For a long time, most right-wing radicals in Finland were of the opinion that the gentleman historian was damaging their cause. But gradually even the more respectable among them adopted his methods, such as online persecution campaigns. These days, racist extremists usually call the gentleman historian a ‘people’s artist’, understanding that he was a trailblazer and a harbinger of their own movement.
As is the nature of his ilk, the gentleman historian was also very appreciative of Hitler and the original Nazis. When he was invited to the Finnish parliament by the True Finns MP James Hirvisaari, he attracted the attention of the very mass media by performing a Nazi salute in plain sight, so that he could be photographed by every journalist passing by. This salute ended Hirvisaari’s political career, for the poor man was abandoned by his voters when the next general election was up.

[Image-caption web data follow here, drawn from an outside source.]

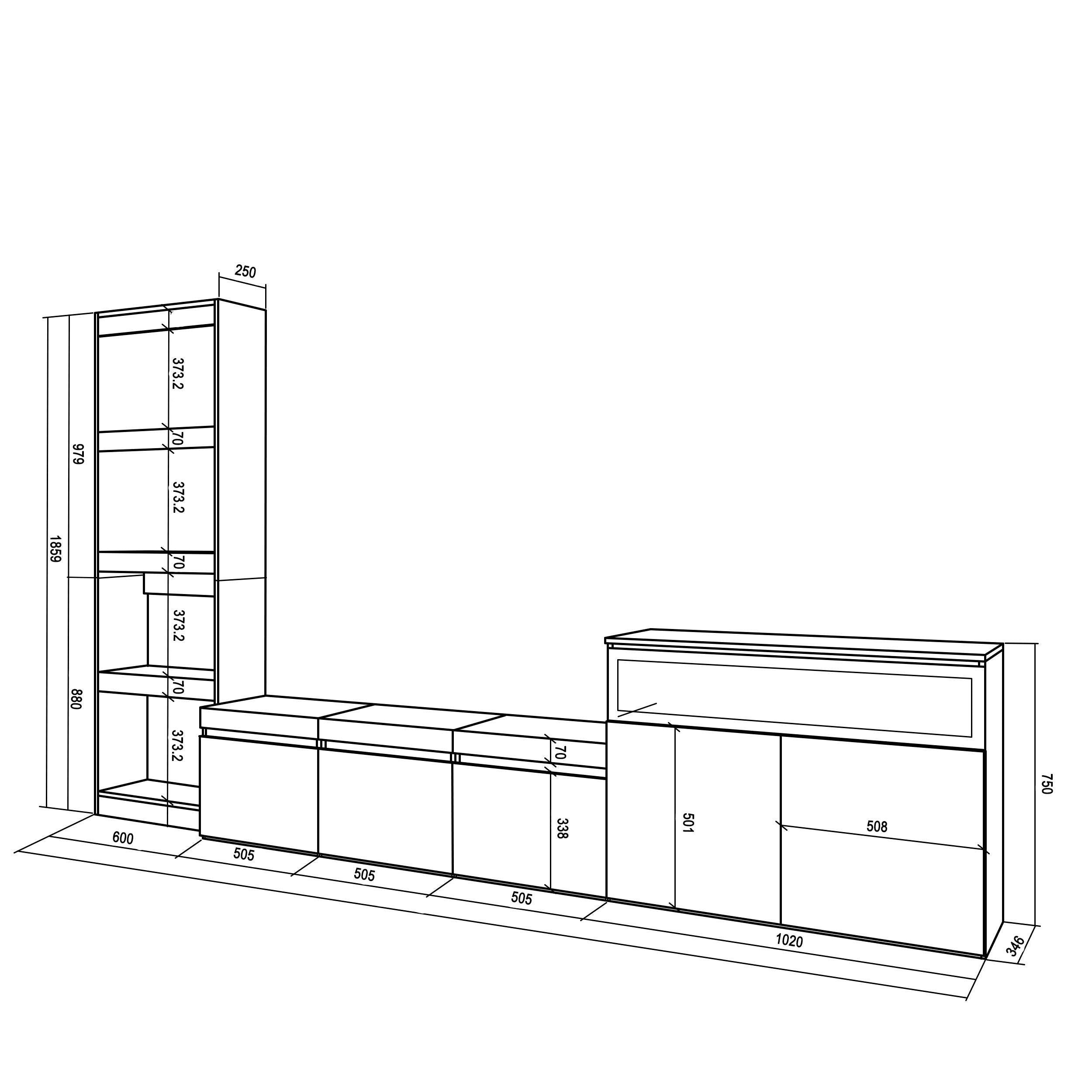 Ensemble Meuble TV, 310x186x35cm, Pour les TV jusqu'à 65", Cheminée électrique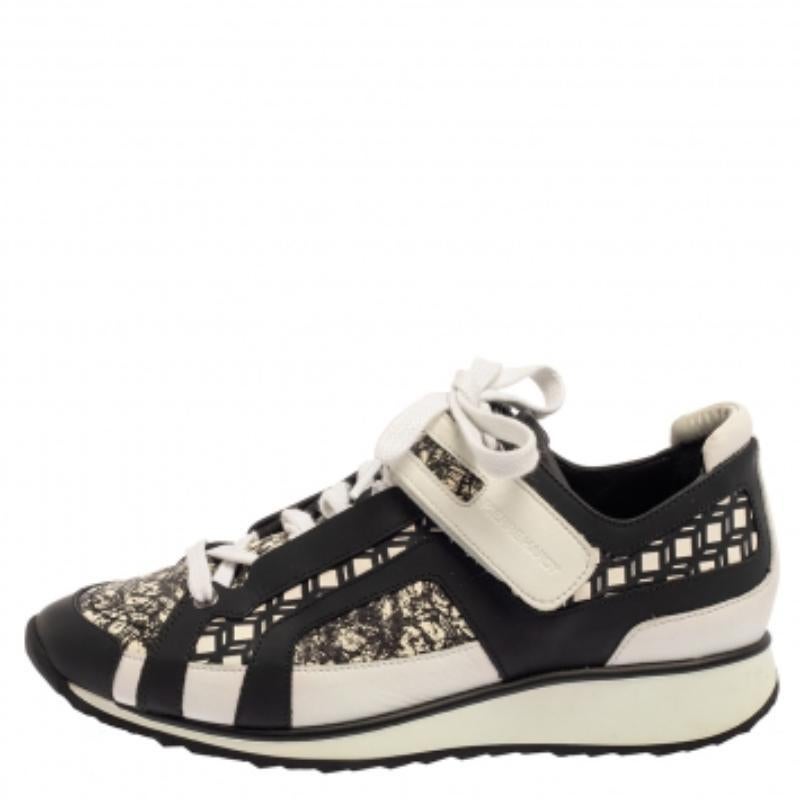 Women's Pierre Hardy Monochrome Leather And Printed Python Low Top Sneakers Size 39 For Sale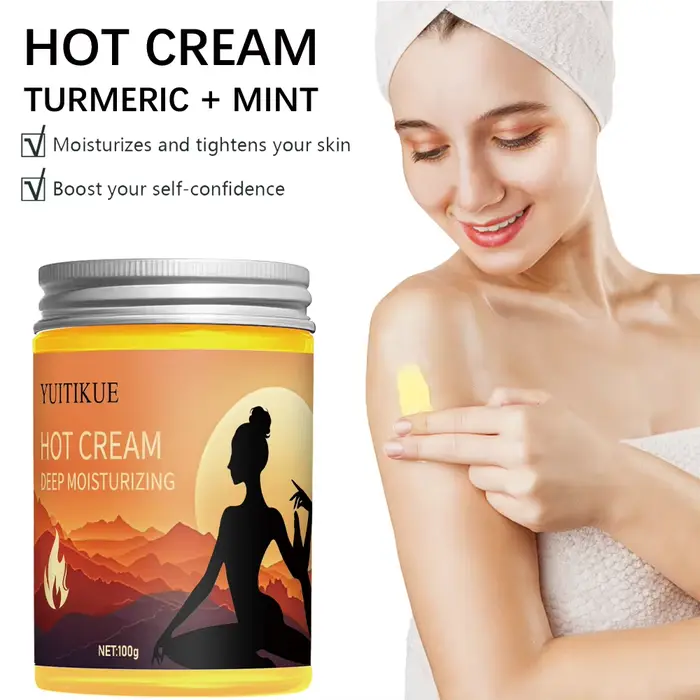 Crème chaude YUITIKUE 100g - Formule chauffante au curcuma et à la menthe, raffermit et soulève l'ab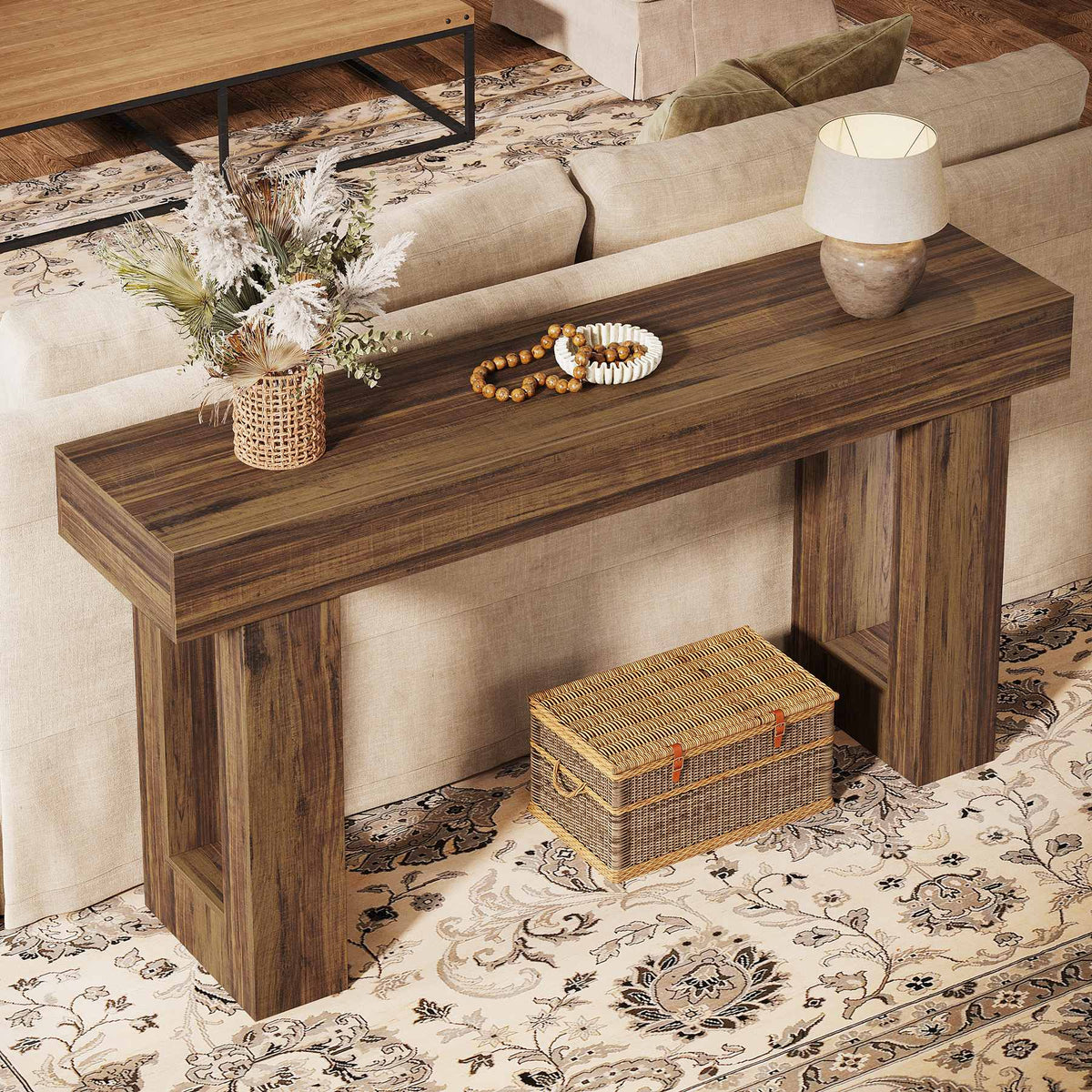 63" Rustic Wood Console Table - Farmhouse Sofa Table
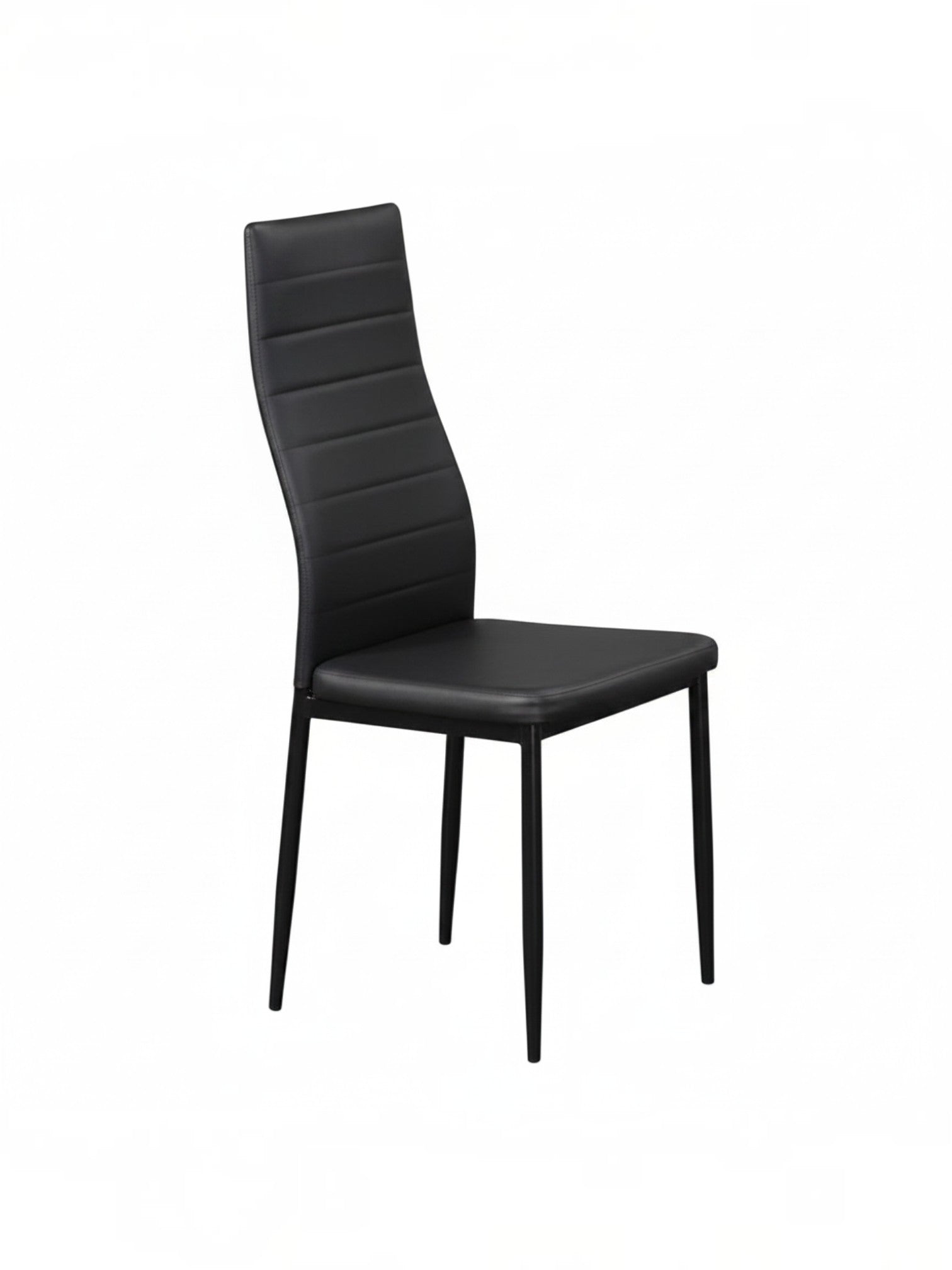 Chaise de cuisine TOCO Meubles noire au design moderne avec dossier haut capitonné et pieds en métal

To give the gentleman historian his due, however, Hirvisaari himself was not much more civilised than his guest when it came to insulting people whose opinions, or the colour of whose skin, he didn’t agree with.
Recently, though, the gentleman historian showed that he was still able to surprise us. For a while, it seemed that he would never give up his anti-Russian insults, while the rest of the radical right was joining the ranks of Putinists. When a Neo-Nazi demonstration in Tampere made some noise in the media and in the blogs, the gentleman historian was seen busy defending the demonstrators in the comments boxes, as you’d expect him to do. Interestingly, though, he began one of his statements with these fateful words: “I am not stating that the demonstrators were sympathetic to Russia, but…”
I think I wasn’t the only person to recognise the end of an era in these words. The ‘traditional’ radical right that was there once, drawing on the old post-war anti-Russian vindictiveness, was gone. Now the gentleman historian himself was siding with Russia, the Vatican of the international church of neo-Nazism.
Panu Höglund is a Finn who writes in Irish.